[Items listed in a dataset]
====
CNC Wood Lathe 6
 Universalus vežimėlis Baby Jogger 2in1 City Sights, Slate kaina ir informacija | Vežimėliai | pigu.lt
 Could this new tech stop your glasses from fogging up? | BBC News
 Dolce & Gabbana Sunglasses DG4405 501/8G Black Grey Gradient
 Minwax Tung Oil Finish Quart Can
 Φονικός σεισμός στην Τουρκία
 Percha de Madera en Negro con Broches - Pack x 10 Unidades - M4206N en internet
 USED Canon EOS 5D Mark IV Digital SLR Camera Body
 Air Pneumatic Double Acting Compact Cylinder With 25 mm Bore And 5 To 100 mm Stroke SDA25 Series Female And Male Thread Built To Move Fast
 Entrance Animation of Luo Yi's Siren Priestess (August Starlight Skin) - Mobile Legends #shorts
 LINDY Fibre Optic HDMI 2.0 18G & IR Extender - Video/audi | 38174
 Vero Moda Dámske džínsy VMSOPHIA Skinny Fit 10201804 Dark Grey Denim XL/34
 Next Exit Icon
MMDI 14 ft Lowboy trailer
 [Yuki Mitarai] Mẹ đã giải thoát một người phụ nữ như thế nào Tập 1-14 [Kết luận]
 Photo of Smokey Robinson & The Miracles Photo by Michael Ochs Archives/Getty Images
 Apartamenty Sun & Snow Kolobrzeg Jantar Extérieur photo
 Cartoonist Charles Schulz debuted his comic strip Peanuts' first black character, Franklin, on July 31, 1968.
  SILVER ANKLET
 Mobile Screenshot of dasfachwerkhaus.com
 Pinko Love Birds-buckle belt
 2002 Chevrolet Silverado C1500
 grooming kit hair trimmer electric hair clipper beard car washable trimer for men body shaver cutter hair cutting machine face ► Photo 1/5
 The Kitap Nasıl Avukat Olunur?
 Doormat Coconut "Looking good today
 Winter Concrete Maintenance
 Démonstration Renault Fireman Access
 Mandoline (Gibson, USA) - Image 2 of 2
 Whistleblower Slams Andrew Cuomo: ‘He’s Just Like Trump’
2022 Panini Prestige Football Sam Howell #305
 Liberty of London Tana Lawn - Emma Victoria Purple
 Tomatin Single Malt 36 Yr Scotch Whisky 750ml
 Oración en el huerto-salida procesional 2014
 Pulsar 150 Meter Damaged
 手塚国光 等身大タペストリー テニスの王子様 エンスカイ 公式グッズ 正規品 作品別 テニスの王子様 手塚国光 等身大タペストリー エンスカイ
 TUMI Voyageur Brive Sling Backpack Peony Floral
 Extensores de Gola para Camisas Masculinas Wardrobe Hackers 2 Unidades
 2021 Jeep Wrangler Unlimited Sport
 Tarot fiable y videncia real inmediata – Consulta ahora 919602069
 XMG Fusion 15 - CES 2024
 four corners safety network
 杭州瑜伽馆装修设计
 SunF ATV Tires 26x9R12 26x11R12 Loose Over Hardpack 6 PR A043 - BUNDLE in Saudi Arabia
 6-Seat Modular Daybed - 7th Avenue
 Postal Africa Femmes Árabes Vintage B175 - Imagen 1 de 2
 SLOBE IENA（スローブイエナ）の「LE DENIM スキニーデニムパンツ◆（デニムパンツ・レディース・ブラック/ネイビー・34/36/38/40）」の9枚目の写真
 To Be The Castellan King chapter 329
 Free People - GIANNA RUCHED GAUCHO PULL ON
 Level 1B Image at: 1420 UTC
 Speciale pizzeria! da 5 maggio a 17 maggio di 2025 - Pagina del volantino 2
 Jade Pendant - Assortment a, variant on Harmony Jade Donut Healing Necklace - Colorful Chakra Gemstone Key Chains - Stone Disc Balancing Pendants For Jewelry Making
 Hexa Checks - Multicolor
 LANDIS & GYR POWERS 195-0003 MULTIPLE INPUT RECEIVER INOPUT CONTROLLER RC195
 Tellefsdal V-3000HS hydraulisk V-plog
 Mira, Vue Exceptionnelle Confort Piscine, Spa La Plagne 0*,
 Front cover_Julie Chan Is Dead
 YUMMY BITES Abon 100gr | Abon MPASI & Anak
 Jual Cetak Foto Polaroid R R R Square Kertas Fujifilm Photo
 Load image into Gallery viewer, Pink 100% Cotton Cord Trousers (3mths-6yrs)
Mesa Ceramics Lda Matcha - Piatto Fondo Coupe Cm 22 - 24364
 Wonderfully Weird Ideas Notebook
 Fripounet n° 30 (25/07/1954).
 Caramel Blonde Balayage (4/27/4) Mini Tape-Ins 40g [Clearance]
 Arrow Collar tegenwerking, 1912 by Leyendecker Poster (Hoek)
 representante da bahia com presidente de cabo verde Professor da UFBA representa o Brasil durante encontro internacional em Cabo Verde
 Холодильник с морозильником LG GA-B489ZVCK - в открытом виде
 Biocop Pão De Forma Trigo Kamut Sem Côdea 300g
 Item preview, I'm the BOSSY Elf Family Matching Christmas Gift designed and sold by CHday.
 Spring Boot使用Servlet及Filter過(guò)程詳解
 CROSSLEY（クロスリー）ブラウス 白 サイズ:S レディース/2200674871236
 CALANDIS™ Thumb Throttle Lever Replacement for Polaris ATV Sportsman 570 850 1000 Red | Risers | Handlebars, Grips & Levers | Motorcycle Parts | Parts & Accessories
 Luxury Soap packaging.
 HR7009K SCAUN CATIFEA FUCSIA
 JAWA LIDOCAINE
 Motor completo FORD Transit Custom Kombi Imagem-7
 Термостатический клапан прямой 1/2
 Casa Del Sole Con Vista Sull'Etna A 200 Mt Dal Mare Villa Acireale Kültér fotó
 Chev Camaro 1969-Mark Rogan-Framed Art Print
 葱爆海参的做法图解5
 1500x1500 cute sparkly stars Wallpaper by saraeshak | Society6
====
__EXERCISE AIM__
Print only the lines from the top of the data above down to the line holding "Φονικός σεισμός στην Τουρκία", inclusive.

__SOLUTION__
CNC Wood Lathe 6
 Universalus vežimėlis Baby Jogger 2in1 City Sights, Slate kaina ir informacija | Vežimėliai | pigu.lt
 Could this new tech stop your glasses from fogging up? | BBC News
 Dolce & Gabbana Sunglasses DG4405 501/8G Black Grey Gradient
 Minwax Tung Oil Finish Quart Can
 Φονικός σεισμός στην Τουρκία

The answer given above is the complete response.